Moreover, when Paul was in Athens (Acts 17), a city completely given over to idolatry, cultic practices, and mystery religions, his preaching of Jesus to the people was a curiosity. His message was so unique that it caught the attention of the local authorities who brought him into a meeting to have him explain his “religion” (Acts 17:22ff.). After Paul brought up the Resurrection of Christ, most of the people mocked, because the idea of a dead man rising back to life was unheard of. No one said, “There is nothing really new about this Paul’s beliefs, this stuff sounds just like any other “mystery” religion.”
– And then fourthly, Christianity experienced periods of violent persecution for at least the first 200 years of its existence. In addition to severe state sponsored persecution, there were secular critics who wrote against the Christian faith. None of those critics ever attempted to debunk Christianity as being an off-shoot of Mithraism or a copy-cat of any other known mystery cult. If Christianity was nothing more than a collection of already pre-existent myths found in other ancient mystery religions, then there would be no need to persecute the Church or write against its beliefs.
Why would anyone be threatened by another mystery religion with similar myths already believed and practiced by adherents of other similar faiths? Secular critics of Christianity accused Christians of atheism, because they refused to acknowledge the other gods. No other mystery religion was a threat to the social fabric of the times, because no other mystery religion god told its followers to abandon idolatry and believe in an historical person, or to turn from pagan temples and religious prostitutes to serving the One True God and living a life of ethical holiness.
Chaz ends his lengthy screed by offering a final word. He says that his 20 points are just a smattering of the problems with Christianity. He then states that even if a half of what he wrote, or maybe even two-thirds or even three-quarters, was discounted, the fact that Christianity must be abandoned would remain. That is a rather bold claim; however, I believe my meager responses show that it is really an embarrassingly laughable claim. Moreover, what he has to offer as a suitable philosophical replacement is unworkable in the real world.

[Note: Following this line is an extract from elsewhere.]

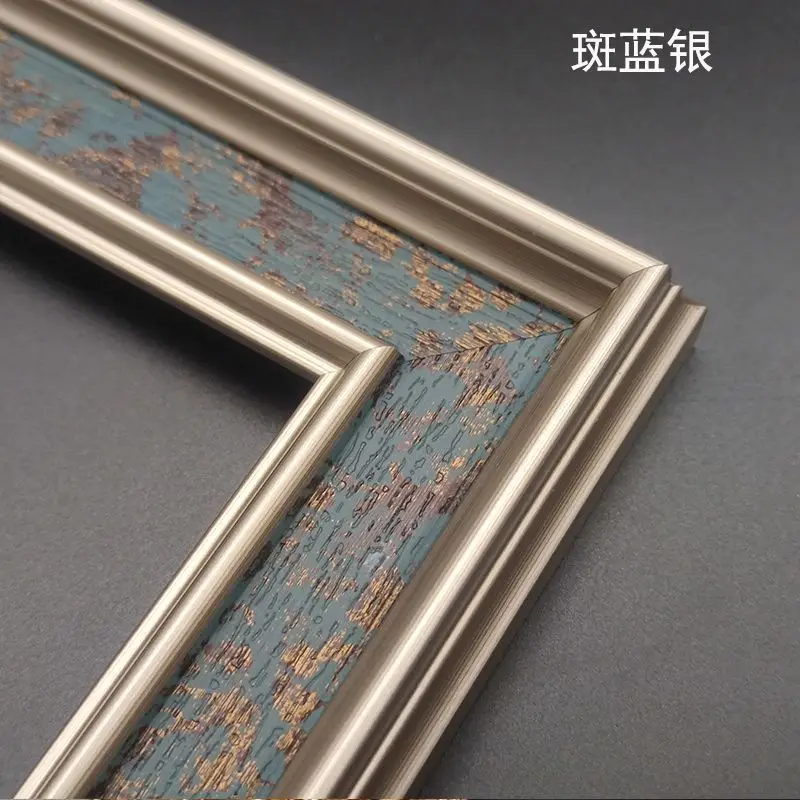 

European-Style Retro Oil Painting Frame, Outer Frame, Photo Frame Mounting, Set Size, Digital Picture Frame, Decorative Wall Han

Chaz is an obscure, amateur philosophy hack who has access to the internet. I just stumbled upon his online booklet from another obscure atheist site. I took on his claims, not only for the blog fodder, but to show how Christianity can easily answer the prattlings of a fool. Chaz represents the type of Bible critic most Christians will encounter in the class room, or at work in the break room, or at the family reunions and holiday get togethers. Though I have taken a while to respond, I do hope I have offered some stepping stones for my readers to use when they encounter the Chazes in their lives.